Fortunately, the Sea-to-Sky corridor is blessed with an abundance of mountain opportunities unmatched by any place I’ve ever visited. Whether hiking or ski touring, heli-skiing, climbing, snowcat riding or snowmobiling, the region around Whistler is a modern mountain funhog’s dream-come-true. And given the plethora of rivers, lakes (and even accessible saltwater), the aquatic possibilities here are pretty much limitless…

So what are we doing about it? Or better yet: what should we do about it? To me it’s a simple proposition. We need to disengage ourselves from our unhealthy fixation on the Whistler-Blackcomb model and start devising ways of enticing young entrepreneurs to develop new and creative businesses that celebrate the Coast Mountain spirit. We need more backcountry lodges and high-mountain huts. We need more inspiring programs that take people beyond their ordinary lives.

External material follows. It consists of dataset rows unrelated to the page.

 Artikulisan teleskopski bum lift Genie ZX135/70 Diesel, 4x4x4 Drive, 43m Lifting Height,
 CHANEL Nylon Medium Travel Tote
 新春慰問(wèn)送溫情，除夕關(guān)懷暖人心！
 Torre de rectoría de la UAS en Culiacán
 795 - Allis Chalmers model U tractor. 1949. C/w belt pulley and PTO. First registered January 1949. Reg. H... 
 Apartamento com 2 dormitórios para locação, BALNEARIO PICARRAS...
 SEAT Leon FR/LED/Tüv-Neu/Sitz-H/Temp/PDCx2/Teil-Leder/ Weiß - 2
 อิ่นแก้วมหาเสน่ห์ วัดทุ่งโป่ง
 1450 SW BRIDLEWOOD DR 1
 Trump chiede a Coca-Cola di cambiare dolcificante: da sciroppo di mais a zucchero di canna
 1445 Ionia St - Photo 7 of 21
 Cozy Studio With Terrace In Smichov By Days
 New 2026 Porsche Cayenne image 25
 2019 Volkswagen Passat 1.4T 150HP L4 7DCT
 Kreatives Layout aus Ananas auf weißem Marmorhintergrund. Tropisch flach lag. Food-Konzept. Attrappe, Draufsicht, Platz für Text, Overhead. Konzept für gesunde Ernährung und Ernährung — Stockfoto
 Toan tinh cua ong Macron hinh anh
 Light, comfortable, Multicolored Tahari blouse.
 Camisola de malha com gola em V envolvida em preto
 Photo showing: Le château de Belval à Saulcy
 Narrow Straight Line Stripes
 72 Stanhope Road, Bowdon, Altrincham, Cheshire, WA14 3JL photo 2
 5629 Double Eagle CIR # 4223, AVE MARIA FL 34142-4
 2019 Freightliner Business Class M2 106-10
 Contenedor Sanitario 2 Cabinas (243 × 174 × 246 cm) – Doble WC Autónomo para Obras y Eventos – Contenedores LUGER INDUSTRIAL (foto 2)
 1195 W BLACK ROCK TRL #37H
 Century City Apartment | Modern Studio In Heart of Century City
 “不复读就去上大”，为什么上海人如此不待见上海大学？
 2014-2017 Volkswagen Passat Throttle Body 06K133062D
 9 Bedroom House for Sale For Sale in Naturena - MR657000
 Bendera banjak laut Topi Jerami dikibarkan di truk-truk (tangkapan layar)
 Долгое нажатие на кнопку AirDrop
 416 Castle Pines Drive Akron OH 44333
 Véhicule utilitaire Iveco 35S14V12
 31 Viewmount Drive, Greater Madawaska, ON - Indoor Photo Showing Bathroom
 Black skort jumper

Finally, we need more mountain-loving owner/operators who put their heart and soul into their product — not just their dollars and cents.

Cascadia is growing by leaps and bounds. To argue that there should be no more tourist facilities built in the local mountains (as some of our elected officials maintain) is to be ingenuous as well as NIMBYish. To be ultimately successful, Whistler needs to become the hub of a network of smaller mountain communities scattered throughout Sea to Sky country that offer a diversity of experiences — from industrial to intimate, from exclusive to everyman. Only then will we able to speak of a true Coast Mountain culture — and real sustainability.

We’ve got to get creative folks. We’ve got to come up with activities and infrastructure that attract the kind of people we want living (and/or visiting) in our mountains. And that, to me, means coming up with healthy and inspiring alternatives to city life — not alpine copies of a suburban mall. It’s pretty simple really: no matter how much lipstick you apply to a pig, it’s still a pig…

After a 15-minute duel — and four or five botched attempts at getting him onshore — I can finally sense that my salmon is starting to tire. Slowly, I begin to lead him back into shallow waters. And he follows, but not without challenging my efforts all the way. “That’s it, Michel.” Tommy croons. “This is the one. Don’t make any jerky movements now. Just try to lead him in as gently as you can.” And just as suddenly as it began, it’s all over. Tommy slips the net under my “hawg” and muscles the big salmon ashore.

The other three fishermen in our group have reeled their lines in by now. Everyone is clapping. Given that I am the last one in the gang to actually hook one of these big guys, I feel a wave of relief wash over me. It’s not like my ego was on the line or anything. Or that my manly pride had been challenged. Well, OK, maybe it had been a bit. Mostly though, I wanted to be able to tell a good Alaska fishing story when I returned home.

And in the end, isn’t that what memorable experiences are all about?